The following historical facts are what The Post fails to disclose:

  • The West Bank and Gaza Strip were part of the League of Nations' Mandate (1922-48) as a home for Jews;

  • The Arabs came into possession of that land by Jordan's and Egypt's illegal seizures in the 1948 War, a war that they initiated after rejecting the UN General Assembly's recommended Partition Plan;

  • That Israel merely defeated the usurpers of that land in the 1967 War, and did not "seize and occupy" land that "belongs" to the Arabs. It is, at most, disputed territory to which both sides have reasonable claims, especially to land on which their people live or work;

  • That, at the insistence of Egypt and Jordan, the 1949 Armistice Agreements specifically excluded the later use of the truce lines for political boundaries;

  • That there was a significant Jewish presence in the West Bank before the 1948 War, in the Etzion bloc of settlements, whose inhabitants were either killed when the settlements were overrun or were subsequently mutilated and tortured to death after their capture; and

  • That all of the current Jewish settlements were built on vacant land, not land that had been worked or lived on by Arabs.

The need for accuracy by The Post in reporting on the territorial dispute is all the more pressing because of the public's (and sometimes the reporters') misperception that the regional title "Palestine" means that the land originally belonged to Palestinians and was taken away from them. Few people are aware that the term "Palestinian," as used in the first half of the 20th century, referred generally to the Jewish population of British Mandatory Palestine, and that it's use as a label for Arab people living in the region is only of recent vintage.

4. ISRAELI TACTICS: As for Israel's military tactics, they are more precise than any in history in targeting not merely combatants, but those terrorists who actually participated in the murders of Israelis, while seeking to spare civilians. The Post's articles, on the other hand, focus on the relatively few civilian casualties, suggest that it is possible to be 100% accurate and suggest that Israel is inhumane in not preventing all civilian casualties. With regard to those civilian casualties, the Post pretends that Israel's conduct in inflicting those unintentional casualties is more heinous than the deliberate murders of Israeli civilians by the Palestinians. The Post's major technique is to flood the paper with human interest stories and photos of Palestinian victims, while virtually ignoring Israeli victims, even though the former became victims by accident and the latter were deliberately targeted for killing (with attendant celebrations by Palestinians ... usually unreported by The Post).

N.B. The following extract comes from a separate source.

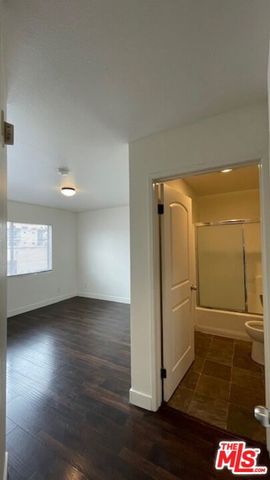 639 N Alexandria Avenue 4, Los Angeles, CA 90004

5. THE POST'S METHODS: In numerous ways, both consistent with and in addition to the general methodology summarized above, the Post's journalists regularly denigrate Israel's leaders, Israel's actions and Israel's motives, while at the same time promoting those of the Palestinians, including their most notorious terrorists, who it never labels as such, nor their deeds as "terrorism," no matter how heinous. The most blatant offenders among news reporters are Molly Moore and John Ward Anderson and among columnists, Jackson Diehl and Jim Hoagland. The Post's prior Middle East reporter, Glenn Frankel, who now only occasionally writes on Israel, uses somewhat more subtlety. Rather than improve, The Post's anti-Israel bias has only worsened over the years.